Penguin has one layering issue of its own.  Early in the e-book era each e-book format had its own ISBN, and their system was designed to generate a page for each ISBN.  Suddenly, we would have six pages of royalty reports for e-books.  For less popular formats, those pages might list a handful of copies if any.  The pages didn't have a place to tell you which ISBN was the Amazon one and which was the B&N one, so there were no benefits to having the information spread over multiple pages.    Over time, ISBNs have been consolidated, but they do not have a way to purge the inactive ISBNs from the ongoing reports.

Especially now that the ebook ISBNs are consolidated, I clearly prefer the Penguin reports to the Random House reports and am curious to see which will prevail as the combined companies merge operations.

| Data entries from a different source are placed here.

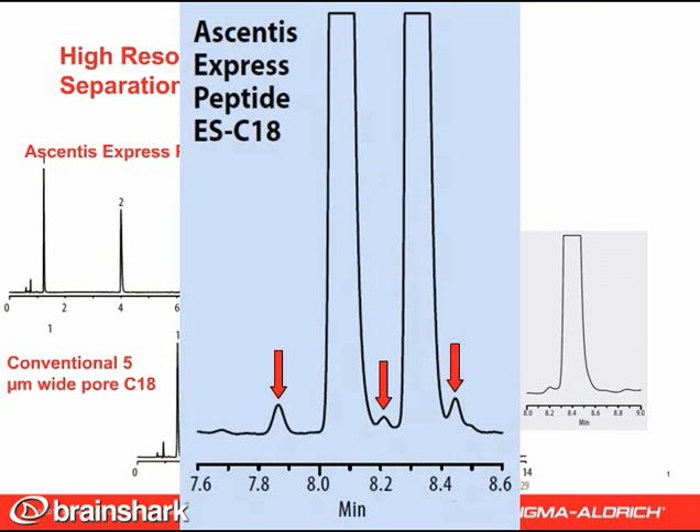This means a lot more information about the content, purity, and presence of degradants in your sample can be obtained if you use the Ascentus Express Peptide ESC18 column for peptide analysis.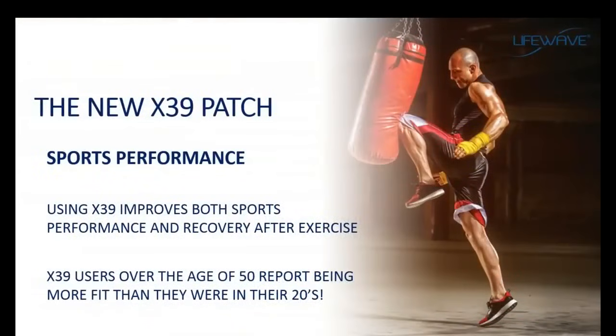Other benefits with the X39 relate to sports performance. One of the things stem cells do very well is repair damage to the body — part of the natural healing process. Stem cells are attracted to the site of injury and repair it. When we exercise, we cause damage to a muscle so the body can repair it and make it stronger. What people have seen with the X39 is that it increases the speed of recovery and sports performance goes up. People report feeling better and performing better than they have at any time in their lives.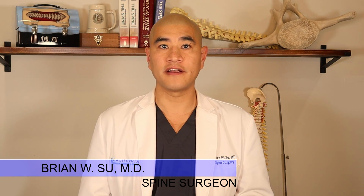Welcome to SpineGuy. I'm Dr. Brian Silla, Fellowship Trained Spine Surgeon. SpineGuy is a channel dedicated to making the complex spine simple for patients to understand.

So on the one hand, we've come a long way, and on the other hand not.  After two or three years the old statements were reasonably accurate for what they were, and you had just one page that anyone could understand.   Now, we generally have much better visibility on reserves against returns, but there are still serious problems across the industry in giving basic cumulative information on copies shipped and returned, and the royalty statements are differently annoying with each publisher in their layers, pages, complexity and presentation.

We shall continue this series with a discussion of our internal processing of these pieces of paper,  Suffice to say just sticking these pieces of paper in the file isn't going to be very helpful when we actually need to make use of the information that is hiding within these reports....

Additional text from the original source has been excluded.